COACHELLA VALLEY, CA — Organizers of Desert X, a biennial outdoor art exhibition in the Coachella Valley, announced Monday the artists who will participate in the fourth edition of the site-specific display opening in March.
A dozen artists from Europe, North America and South Asia will deploy their artworks at outside areas across the Coachella Valley from March 4 until May 7, according to a statement from Desert X.
“There’s a saying attributed to the Kwakwaka’wakw nation that a place is a story happening many times,” said Desert X’s Artistic Director Neille Wakefield in a statement. “This idea of place as the multiplicity of stories flowing through it is central to Desert X. Artists are an essential part of this understanding and the ideas they bring to it irrigate our perception of place, nourishing the narratives already there and propagating those that have yet to be told.”
Participating artists who will present immersive works including sculpture, painting, writing architecture, design, film, music, performance, choreography, education and environmental activism are:
— United Kingdom-based artist Rana Behum with “Chainlink,” a structure appearing as a shimmering pyramidal haze of color or a chain link fence floating above the desert floor and spread across the valley.

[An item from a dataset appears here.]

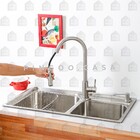 Cuba Para Cozinha Pia Dupla Com Acessórios Ticunas E Torneira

— United States-based artist Lauren Bon with “The Smallest Sea with the Largest Heart,” a poetic object to remind viewers of society’s capacity to destroy, their connection to water, and that the desert was once a sea.
— U.S.-based rancher, artist and educator Gerald Clarke with “Immersion,” a giant board game with a goal to reach the center by answering questions about the traditions and histories of the Cahuilla Indians and other sovereign cultures.

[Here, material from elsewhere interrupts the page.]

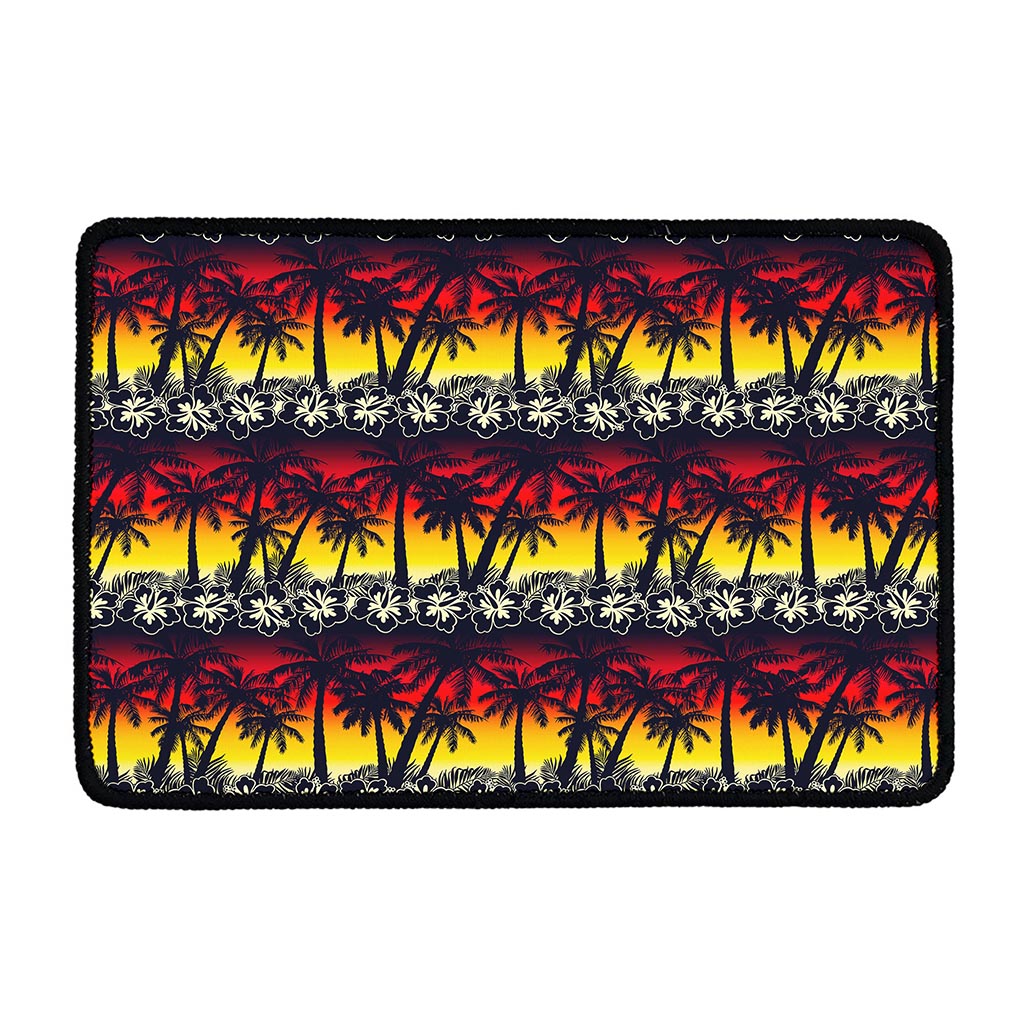 Sunset Hibiscus Palm Tree Pattern Print Kitchen Mat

— Mexico-based artist Paloma Contreras Lomas with “Amar a Dios en Tierra de Indios, Es Oficio Maternal,” a Western-meets-scifi, audio-visual tour of a landscape featuring a dated car screeched to a halt and an array of tangled limbs from two mysterious characters, in an effort to push back at the violent male gaze of the landscape.
— U.S.-based artist Torkwase Dyson with “Liquid a Place,” which is part of an ongoing series that features a sculptural installation that engages people as liquid beings seeking new forms.
— Mexico-based artist Mario Garcia Torres with “Searching for the Sky (While Maintaining Equilibrium),” a herd of mechanical bulls designed to make people fall and becoming a macho celebration of failure.
— United Kingdom and India-based artists Himali Singh Soin and David Soin Tappeser with “Namak Nazar,” immersive audio-visual environments inviting people to think through ecological loss and the loss of home.
— U.S.-based artist Matt Johnson with “Sleeping Figure,” a cubist rendition of classical odalisque featuring shipping containers and the harem to which they belong.
— U.S.-based artist Tschabalala Self with “Pioneer,” an equestrian statue serving as a visual representation of the birthright and place of Native and African American women within the American landscape.
— Bangladesh-based artist Marina Tobassum with “Khudi Bari,” a modular mobile home that is low cost, durable, and can be assembled and disassembled to address the role of design amidst the world’s climate conditions.
— Mexico-based artist Hector Zamora with “Chimera,” a performative action transforming street vendors into walking sculptures made of balloons to question the everyday uses of materials and functions of space.